__Records to use__.
•••••

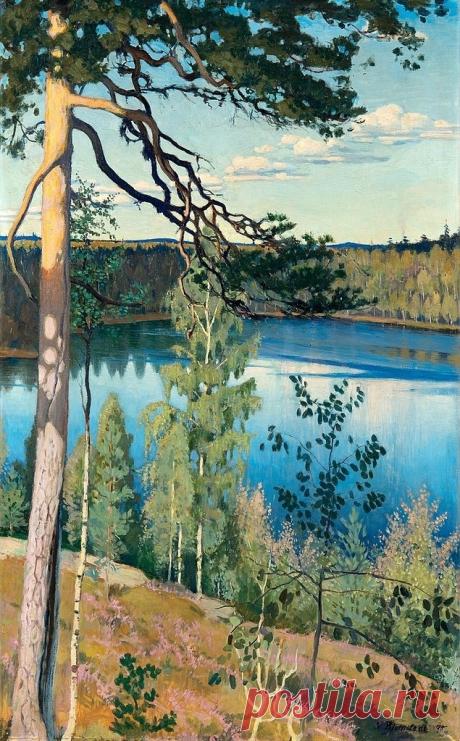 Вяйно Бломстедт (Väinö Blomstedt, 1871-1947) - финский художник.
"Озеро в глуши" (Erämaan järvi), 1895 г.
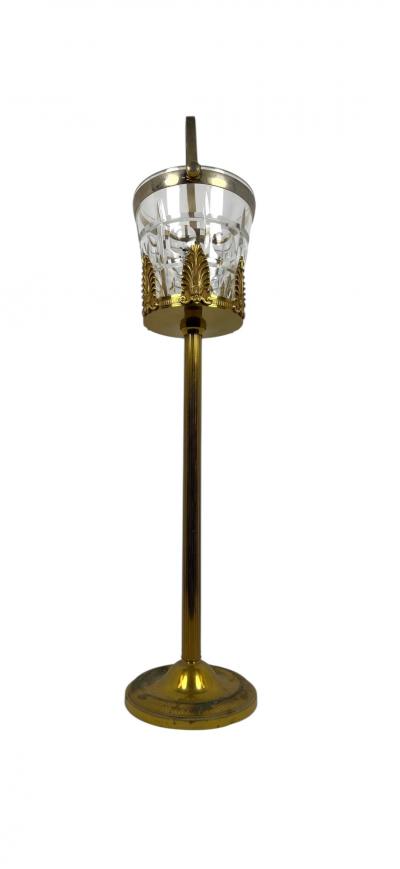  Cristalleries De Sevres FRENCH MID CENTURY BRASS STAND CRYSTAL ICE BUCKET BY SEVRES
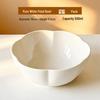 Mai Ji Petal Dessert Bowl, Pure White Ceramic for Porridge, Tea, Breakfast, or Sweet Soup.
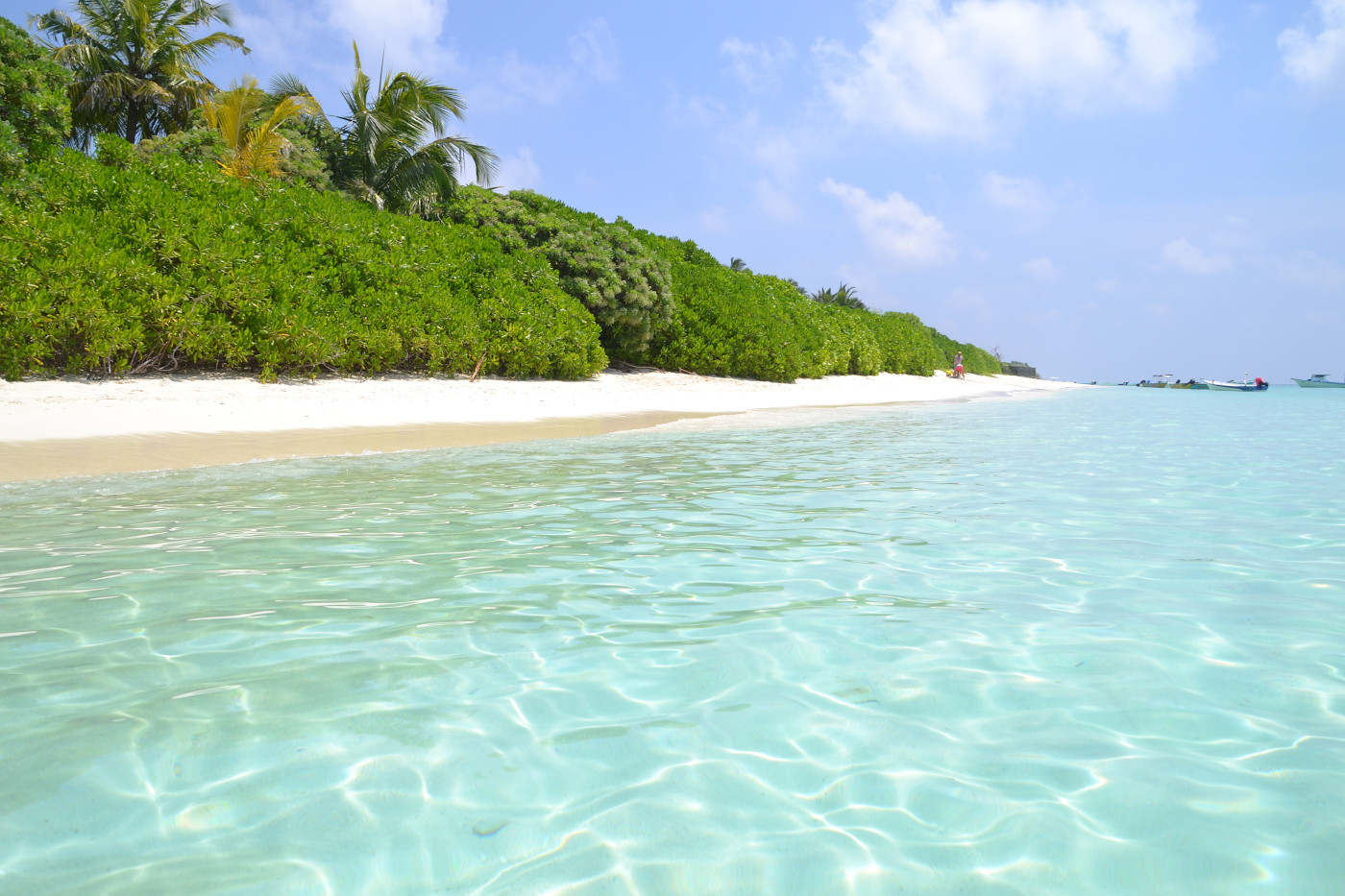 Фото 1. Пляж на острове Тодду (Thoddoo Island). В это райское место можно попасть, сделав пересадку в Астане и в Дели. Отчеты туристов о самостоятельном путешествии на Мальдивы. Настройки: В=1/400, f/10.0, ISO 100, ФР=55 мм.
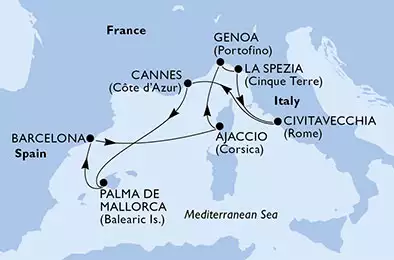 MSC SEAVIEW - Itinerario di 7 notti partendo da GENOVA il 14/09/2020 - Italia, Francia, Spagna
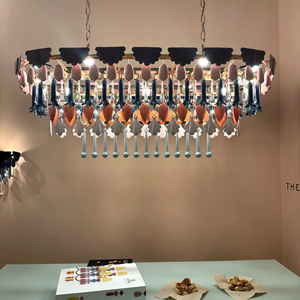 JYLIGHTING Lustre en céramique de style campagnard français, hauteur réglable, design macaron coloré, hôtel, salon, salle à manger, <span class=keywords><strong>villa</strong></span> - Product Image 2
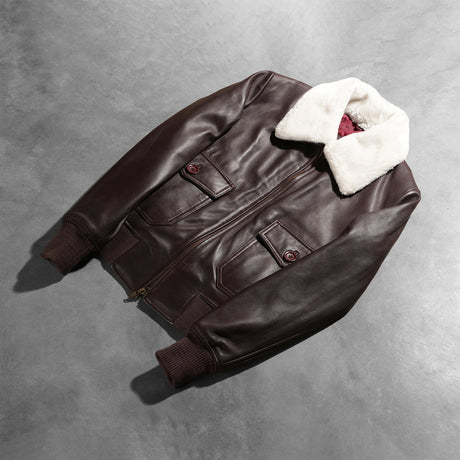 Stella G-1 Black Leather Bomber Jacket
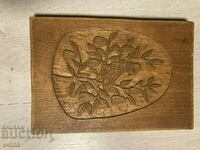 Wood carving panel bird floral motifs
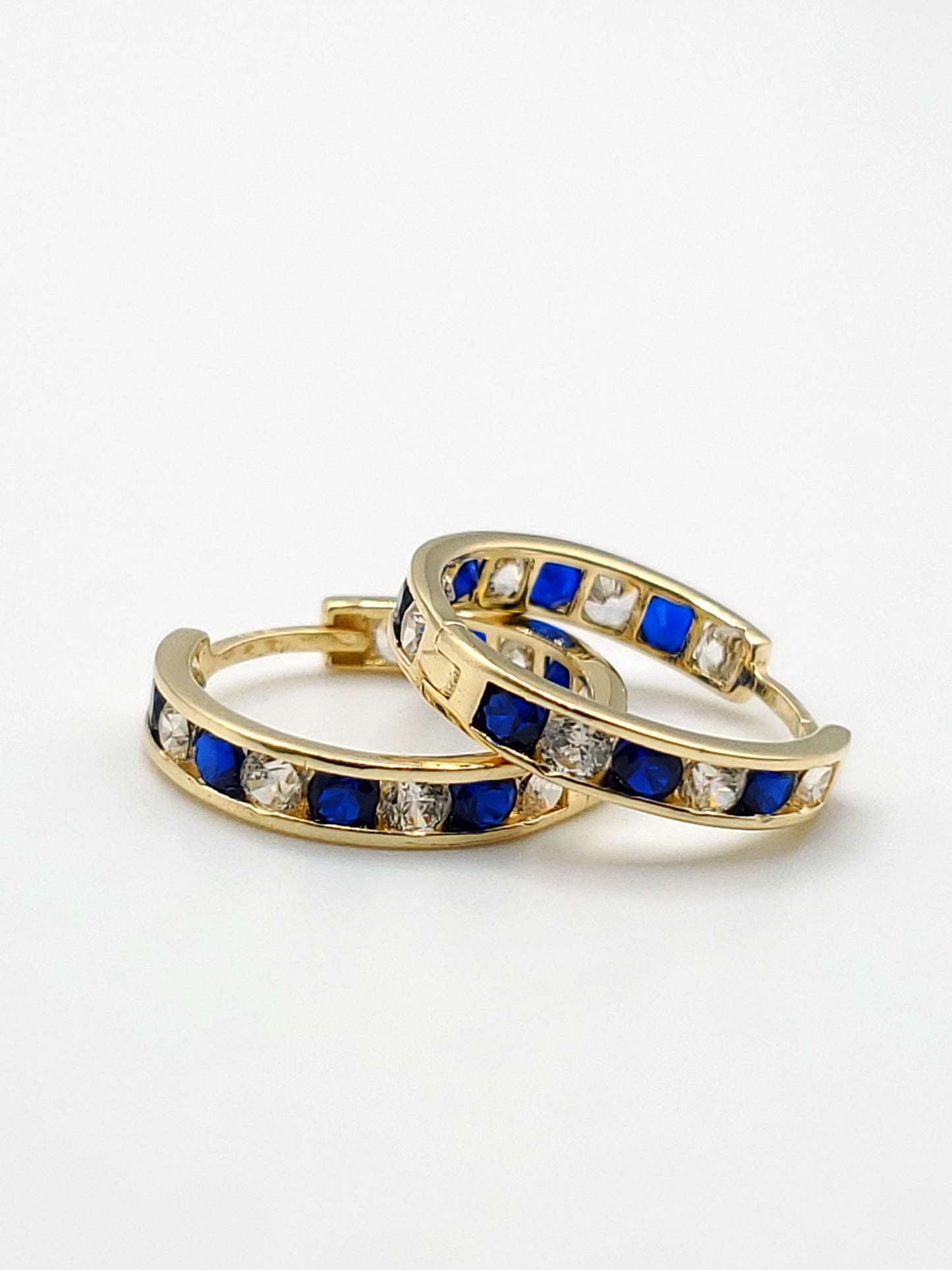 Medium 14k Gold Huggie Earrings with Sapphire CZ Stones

•••••

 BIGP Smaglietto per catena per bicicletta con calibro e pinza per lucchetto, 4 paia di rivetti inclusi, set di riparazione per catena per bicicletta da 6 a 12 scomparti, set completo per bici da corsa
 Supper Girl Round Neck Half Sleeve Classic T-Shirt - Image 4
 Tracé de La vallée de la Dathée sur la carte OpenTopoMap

•••••

__What you have to do__. If a picture sits between the line containing "Wood carving panel bird floral motifs" and the line containing "Medium 14k Gold", leave it out, and return the lines of that range above exactly, both ends included.

__Answer box__.
 Wood carving panel bird floral motifs
 Medium 14k Gold Huggie Earrings with Sapphire CZ Stones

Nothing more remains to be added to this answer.